The elimination from the law enforcement and judicial systems of whatever forms of discrimination against minority groups and poor people.
We are hoping that through these efforts; our citizens will be able to understand and navigate situations of changing safety in their communities, changes proposed by health care reforms that affect the elderly and the poor, and changes that need to occur in public education to help the break the cycles of poverty and violence.
Poor People's Campaign/Resurrection City the Movement History:
The first phase of Poor People's Campaign began in May 1968. Nine Caravans of poor people arrived in Washington D.C. Convoy's started from different sections of America on May 2 and picked up demonstrators along the way.

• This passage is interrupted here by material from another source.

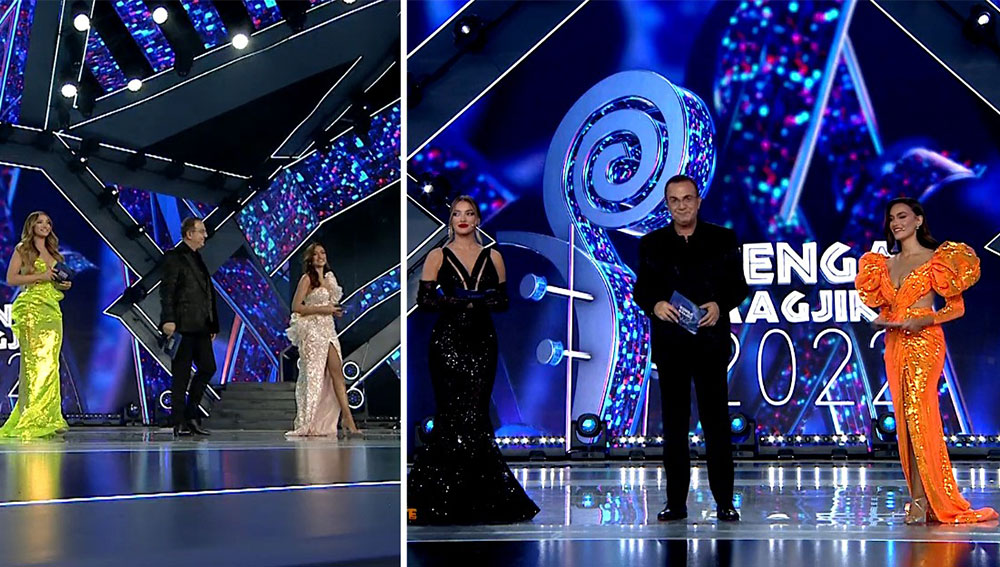 Xixa dhe ngjyra, çfarë veshën Olta Beqiri dhe Eva Murati në gjysmëfinalen e dytë të “Kënga Magjike”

In Washington, D.C., demonstrators erected a camp called “Resurrection City” on sixteen-acre site near Lincoln Monument. Reverend Ralph Abernathy, the Southern Christian Leadership Conference's (SCLC) successor to the slain Dr. Martin Luther King, Jr., began the Poor People's Campaign with the proclamation that "the poor are no longer divided. We are not going to let the White man put us down anymore. It is not white power, and I will give you some news, it's not Black power, either. Its poor power and we are going to use it.
The Poor People's Campaign (PPC) was a convergence of racial and economic concerns that brought the poor, including those who were black, white, Indian, and Hispanic to live in shantytowns and demonstrate daily in Washington, D.C. from May 14 until June 24, 1968. The PPC was conceived by Dr. Martin Luther King, but unfortunately, was not led by him.
Our intent in 2008 is to move beyond just making poverty visible (since there are already myriads of programs doing that) toward empowering people to change their environments by training, teaching, and encouraging them to use the skills they have and to gain the skills they lack.